When Janet Jackson released Unbreakable, it must have seemed that the weight of the Jackson Family was on her shoulders. After a prolonged period of seclusion in some far away kingdom and a few failed relationships later, only the occasional gossip rag would remind us that the second most popular Jackson was once a media force to be reckoned with.
Just Like Old Times
Janet’s carefully planned comeback included a reunion of sorts with her original hit making collaborators: Jimmy Jam and Terry Lewis. Over the years Janet kept ahead of trends by refining and in some cases inventing them, much like Madonna. While not as influential as Madonna, her star was rising just as quickly as the ’90s began. That juggernaut slowed down or was less obvious by the time 2008’s Discipline was released. For anyone but her most devoted fans, Janet had become almost irreverent in the new R&B (pop) landscape dominated by the Beyoncés and Rihannas, of the world. For Janet, Unbreakable had a two part mission.
To Be Unbreakable You Must Be Invincible
Unbreakable was similar to Michael Jackson’s Invincible in that after a hiatus, it was an effort to reestablished and remind listeners why their respective brand of Jackson was so special in the first place. Both albums reaffirmed a modern and mature stage of either artist’s career against a history of youth oriented pop. Janet even names drops her brother’s under rated album in her attempt to move on creatively.
Unlike Michael’s Invincible, no controversy surrounds Janet so Unbreakable is free to be discovered on its own merits. Both albums are especially noteworthy in that they faced extreme obstacles from either lack of promotion (Invincible) or possibly too much of it (Unbreakable) in a digital world where everything is expected to be streamed for free. Talk show host Wendy Williams even went as so far to discourage Janet’s comeback stating that she would not be prepared for a music world where (free) streaming would give her art away. Fortunately Janet did not heed Williams’ advice.
The Evolution of Ms. Jackson
For Janet we see her now as a fully evolved woman in the suburbs of middle age. With such distinction, a more mature approach to song writing has separated her from her younger peers. Fortunately for fans of Ms. Jackson, age does not quell her desire to try new things, as Unbreakable is the most innovative album from Janet since 1997’s The Velvet Rope.
In addition to covering various dance and pop styles, Unbreakable manages to place Janet back in the forefront of pop in a way that keeps her timeless yet relevant.
The tracks like Missy Elliot’s “Burnitup!” sound very ‘now’ and could stamp this collection to a particular time, but a number of classically Jacksonesque songs like “Promise” and “Night” sound both timely and timeless.

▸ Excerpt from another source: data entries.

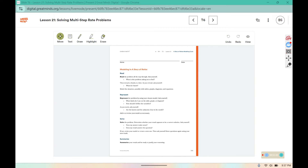Here's the read, represent, solve, summarize strategy. First, you're going to read the problem and figure out what it is asking and what information you know to help you start solving it. You're going to represent it — make sure you use labels if you're creating a table, graph, or diagram, and define your variables. For example, we used miles and hours. Then you solve the question and make sure your answer makes sense, and summarize your results.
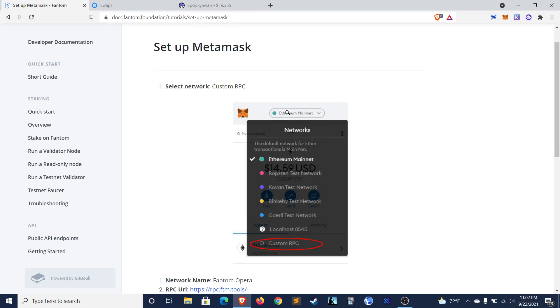Welcome back friends to Dynamo DeFi. My name is Patrick and on this channel I talk about cryptocurrency, decentralized finance, and economics.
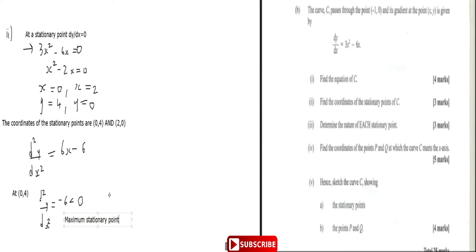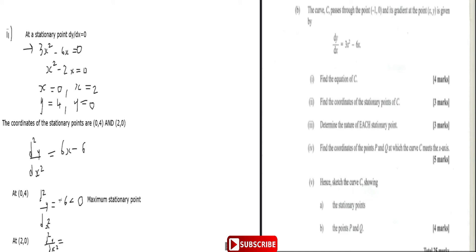At (2, 0): d²y/dx² = 6(2) − 6 = 12 − 6 = 6, which is greater than zero. So (2, 0) is a minimum stationary point.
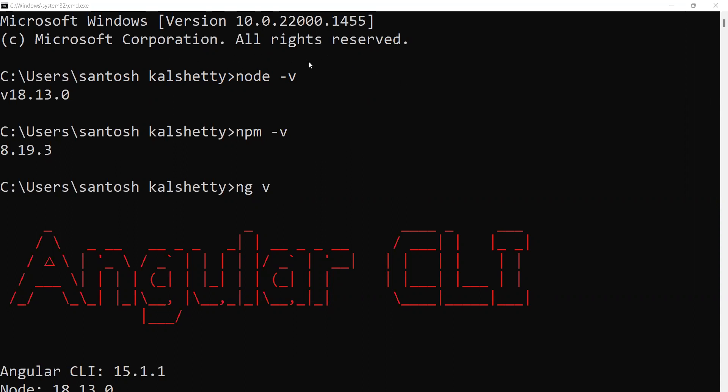When you install Node.js, check the version. Go to cmd, then type node hyphen v and press enter. You'll see the version number 18.13.0 displayed.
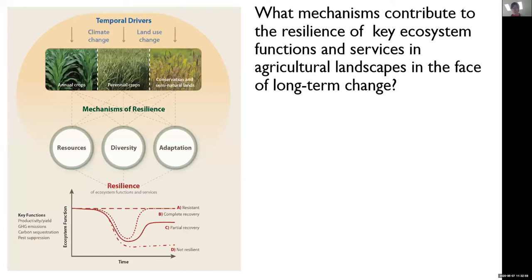An economist might not talk about resources, but they would certainly talk about capital. A social scientist might talk about human adaptation in much the same way someone like me would talk about Darwinian adaptation. So in this next phase of the KBS research, we're really trying to address all of these mechanisms from an ecological perspective and also from a social science perspective.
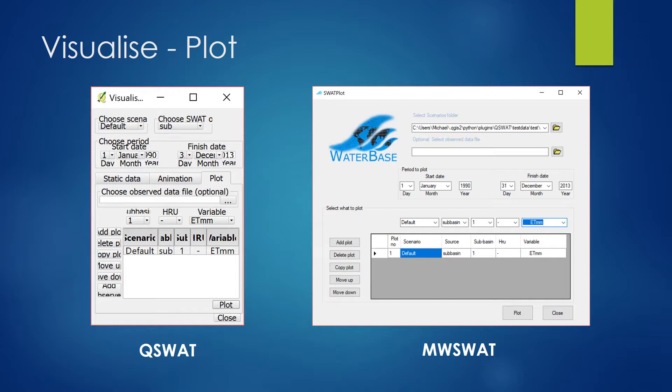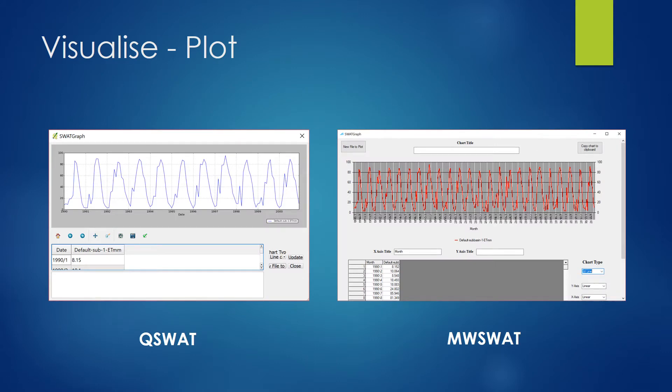Something interesting in MW SWOT is that the SWOT plot is actually a separate program — you need to open it from another folder; it's not available inside the plugin itself. But they do provide it so you can use it. After you generate the plot, you can see on the left is QSWOT and on the right is MW SWOT — they are similar again. You have the graph itself and a data table on the bottom.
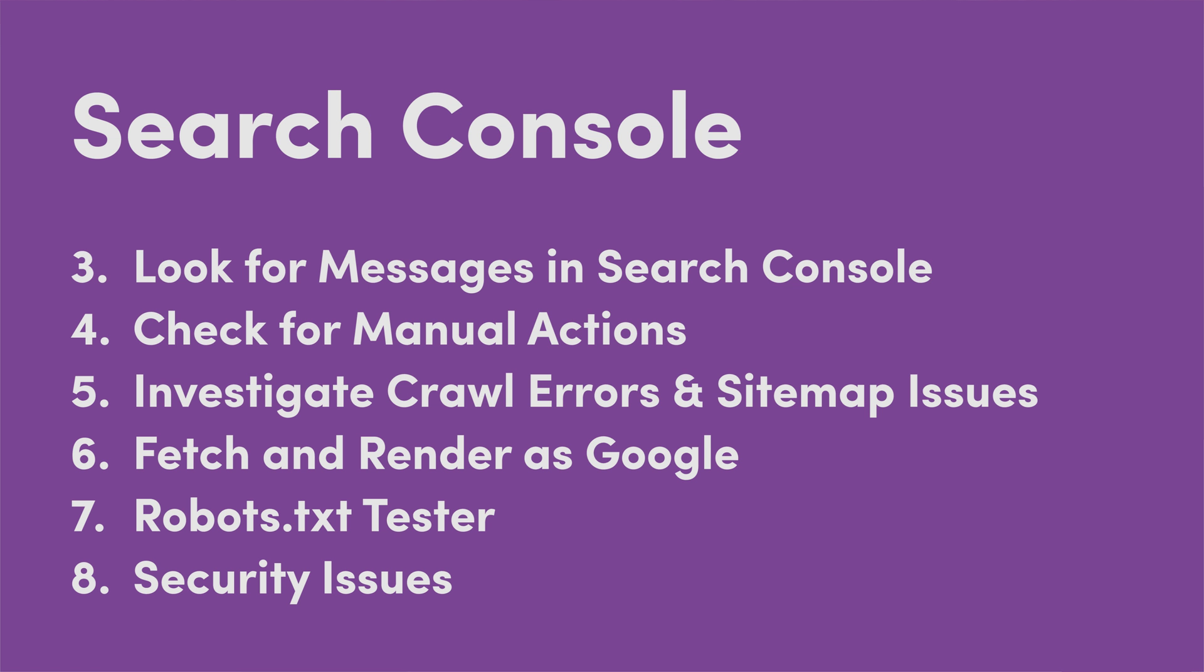The next thing you're going to do is you're going to want to go to Search Console. It used to be Webmaster Tools, but Google changed the name to Search Console. If you don't have an account, get one. It's free, easy to activate with tools like Yoast if you're on WordPress. First thing you want to check is messages and just see if Google has left you a message telling you you have some issues. And you'd be surprised a lot of times that they're having issues crawling something. They'll leave a message right there for you detailing exactly what the issue is.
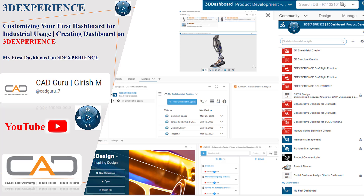Hello everyone, I hope you all are doing well. In this session, I'm here with customizing your own dashboards inside the 3D Experience Works. If you are working with any of the corporate industries and want to customize your first dashboard, we'll see how we can do it in this session. Let's get started.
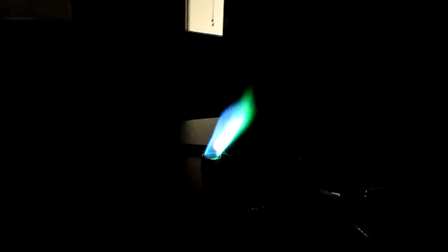And our final solution, which already gives its color away because the solution is a blue-green color. Okay. So that's copper. There it is.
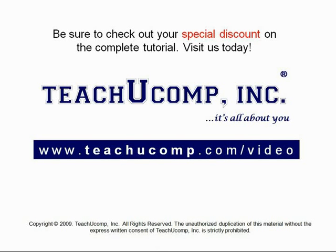Get your special discount offer on the complete tutorial at www.teachyoucomp.com slash video.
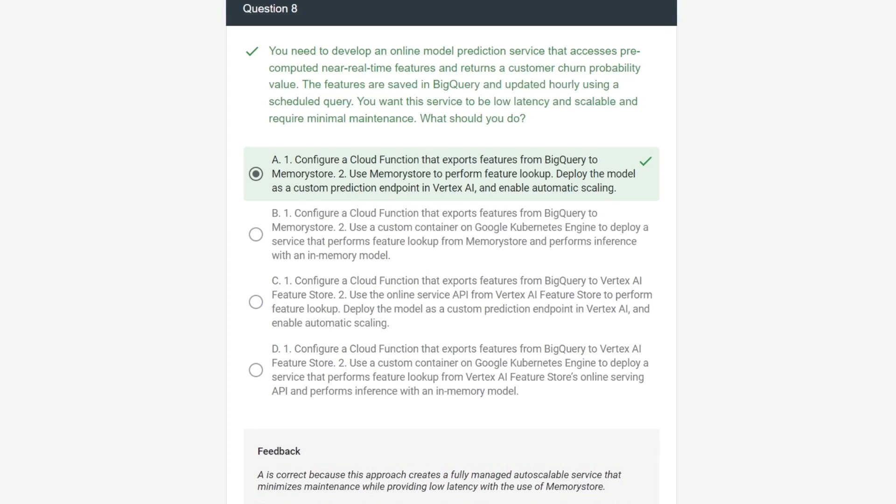About one week before the exam, it's absolutely critical to test your knowledge and start taking practice exams. I also went back over a lot of the Coursera quiz questions again. A couple of practice exams that stand out are the one in the "Journey to Become a Google Cloud Machine Learning Engineer" book and Google's own sample questions. I found the average difficulty of Google's own practice exam to be significantly higher than the actual exam questions. Here's one example: you need to develop an online model prediction service that accesses near real-time features and returns a customer churn probability value. The features are in BigQuery and updated hourly, and the service needs to be low latency, scalable, and require minimal maintenance.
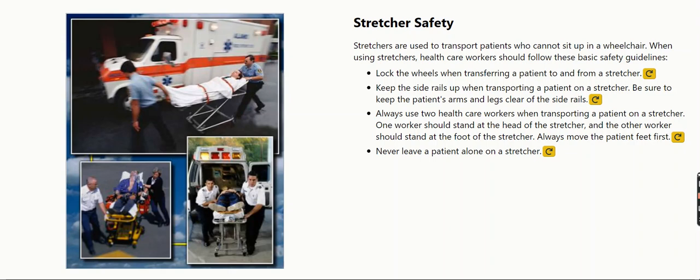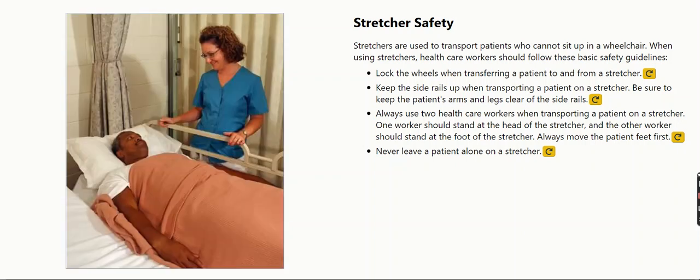Always use two health care workers when transporting a patient on a stretcher. One worker should stand at the head of the stretcher, and the other worker should stand at the foot of the stretcher. Always move the patient feet first. Never leave a patient alone on a stretcher.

Of equal importance to Janet’s evolution as an artist is that of the production duo that made her a star. Jimmy Jam and Terry Lewis often save their flagship production styles for Janet and on Unbreakable the duo’s touch is most evident on one of the album’s most impressive tracks “No Sleep”, the album’s first single.
In addition to covering various dance and pop styles, Unbreakable manages to place Janet back in the forefront of pop in a way that keeps her timeless yet relevant. The track listing is nearly epic, but never settles into conformity or gives the impression of filler.
The pressure as the last working Jackson might have been immense, but Janet has made a mature recording with all of her savvy intact. Still, it’s comforting to see an artist who is is approaching 50 that can still dazzle audiences of any age.